During my extensive tour of Africa last year I was fortunate enough to be able to tick off one of my biggest (literally) bucket list items which I have had for a long time, climbing Mount Kilimanjaro. I actually visited Tanzania when I first started traveling but didn’t have the funds, nor the fitness to be able to scale the ‘Roof of Africa’ as it is so delightfully named. Last year however, once I knew that I would be passing through again, my mind was fully set on scaling the mountain.
There is a general misconception about Kilimanjaro that it is somehow easy to climb, I think much of this comes from its size, and its level of relative difficulty when compared with other mountains of this size. Whilst it is not Everst-esque proportions, climbing Kilimanjaro is not exactly easy, and here are the biggest challenges which you will face should you decide to head up to the top.
Any type of mountain which is so far above sea level is going to cause some real problems in terms of altitude, and Kilimanjaro is no different. The altitude problems kick in when you get to around 3,000 metres above sea level, so around halfway up the mountain. If you are lucky enough to avoid any kind of altitude sickness, the lack of oxygen and air in general can make you tired very quickly, and create a very tough environment for you to keep going.
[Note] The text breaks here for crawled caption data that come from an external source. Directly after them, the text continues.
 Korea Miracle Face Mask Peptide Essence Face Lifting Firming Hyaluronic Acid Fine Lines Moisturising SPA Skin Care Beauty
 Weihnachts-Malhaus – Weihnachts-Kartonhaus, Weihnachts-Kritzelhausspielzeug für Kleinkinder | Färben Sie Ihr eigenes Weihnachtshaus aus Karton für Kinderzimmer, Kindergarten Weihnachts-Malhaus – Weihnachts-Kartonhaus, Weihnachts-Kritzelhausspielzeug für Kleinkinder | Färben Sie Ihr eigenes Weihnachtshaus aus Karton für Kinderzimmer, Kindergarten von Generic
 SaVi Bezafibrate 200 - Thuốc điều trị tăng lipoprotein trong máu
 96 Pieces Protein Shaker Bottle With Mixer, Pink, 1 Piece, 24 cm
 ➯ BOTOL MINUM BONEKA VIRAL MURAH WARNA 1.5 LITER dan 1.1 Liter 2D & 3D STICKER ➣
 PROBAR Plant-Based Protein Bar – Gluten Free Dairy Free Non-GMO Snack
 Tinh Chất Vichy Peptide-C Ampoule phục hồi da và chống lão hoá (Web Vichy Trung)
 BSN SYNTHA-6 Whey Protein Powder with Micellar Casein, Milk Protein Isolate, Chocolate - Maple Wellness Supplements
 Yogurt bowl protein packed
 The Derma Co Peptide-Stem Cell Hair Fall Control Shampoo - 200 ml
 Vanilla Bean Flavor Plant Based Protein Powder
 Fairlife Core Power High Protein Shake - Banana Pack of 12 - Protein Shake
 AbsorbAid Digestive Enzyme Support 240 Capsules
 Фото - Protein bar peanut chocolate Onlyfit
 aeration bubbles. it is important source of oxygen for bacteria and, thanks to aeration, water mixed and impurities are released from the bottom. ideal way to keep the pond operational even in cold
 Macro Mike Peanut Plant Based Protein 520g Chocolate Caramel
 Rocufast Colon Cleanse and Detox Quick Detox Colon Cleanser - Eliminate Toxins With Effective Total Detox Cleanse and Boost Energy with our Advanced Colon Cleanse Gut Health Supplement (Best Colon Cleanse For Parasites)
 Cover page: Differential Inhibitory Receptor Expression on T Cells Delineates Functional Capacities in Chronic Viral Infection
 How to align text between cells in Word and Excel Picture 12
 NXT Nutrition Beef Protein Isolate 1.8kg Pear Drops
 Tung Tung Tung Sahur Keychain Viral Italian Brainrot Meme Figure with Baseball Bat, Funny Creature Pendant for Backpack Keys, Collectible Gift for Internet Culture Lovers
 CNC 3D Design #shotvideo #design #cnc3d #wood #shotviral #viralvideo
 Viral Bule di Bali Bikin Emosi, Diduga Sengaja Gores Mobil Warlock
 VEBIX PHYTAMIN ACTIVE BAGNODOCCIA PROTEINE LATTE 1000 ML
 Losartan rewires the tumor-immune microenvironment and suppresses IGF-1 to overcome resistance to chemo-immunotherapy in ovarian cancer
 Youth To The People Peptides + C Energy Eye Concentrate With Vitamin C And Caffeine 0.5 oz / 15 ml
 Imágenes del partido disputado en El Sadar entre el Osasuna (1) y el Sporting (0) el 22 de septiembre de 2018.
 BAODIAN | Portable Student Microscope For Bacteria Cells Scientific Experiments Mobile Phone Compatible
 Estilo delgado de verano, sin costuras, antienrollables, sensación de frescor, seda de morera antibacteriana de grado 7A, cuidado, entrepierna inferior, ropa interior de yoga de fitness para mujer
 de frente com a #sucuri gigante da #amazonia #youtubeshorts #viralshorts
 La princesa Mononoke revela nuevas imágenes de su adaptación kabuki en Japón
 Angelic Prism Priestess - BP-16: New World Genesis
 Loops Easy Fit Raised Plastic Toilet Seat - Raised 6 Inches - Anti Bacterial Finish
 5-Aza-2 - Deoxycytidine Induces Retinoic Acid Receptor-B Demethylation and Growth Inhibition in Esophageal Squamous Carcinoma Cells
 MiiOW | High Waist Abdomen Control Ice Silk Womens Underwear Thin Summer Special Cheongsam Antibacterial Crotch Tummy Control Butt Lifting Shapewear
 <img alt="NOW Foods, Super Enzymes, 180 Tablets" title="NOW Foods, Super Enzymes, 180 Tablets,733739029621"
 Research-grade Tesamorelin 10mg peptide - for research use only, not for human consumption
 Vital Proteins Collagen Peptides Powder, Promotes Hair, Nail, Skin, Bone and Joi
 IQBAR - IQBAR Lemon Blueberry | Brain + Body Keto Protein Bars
Take your time and if you’re not confident that you can adapt, opt for the longer itinerary which will help you to get acclimatised to the higher altitude, making it easier for your body to deal with.
The trek of climbing Kilimanjaro can be very arduous at times and whilst you don’t exactly need to be an Olympic athlete in order to make it to the summit, you need to be prepared for a tough climb. Depending on which itinerary you take, you could be climbing for between 6-8 hours per day, and the summit day will involve around 12 – 14 hours of trekking, walking and climbing. Combine the level of effort which you will need to make it to the top with the altitude issues, and this so-called easy climb, takes on another level of difficulty.
During your climb you could see all manner of weather conditions from sun, rain, snow and freezing temperatures, all within the space of just a few days. The weather here is notoriously difficult to predict and so you will need to ensure that you have clothing which is right for each type of weather. Unless the weather is extreme, you will have to carry on regardless when scaling the mountain, which brings with it many extra difficulties for you. The weather has also been known to turn bad in the space of just a few hours and so you really need to ensure that you are prepared, physically and mentally.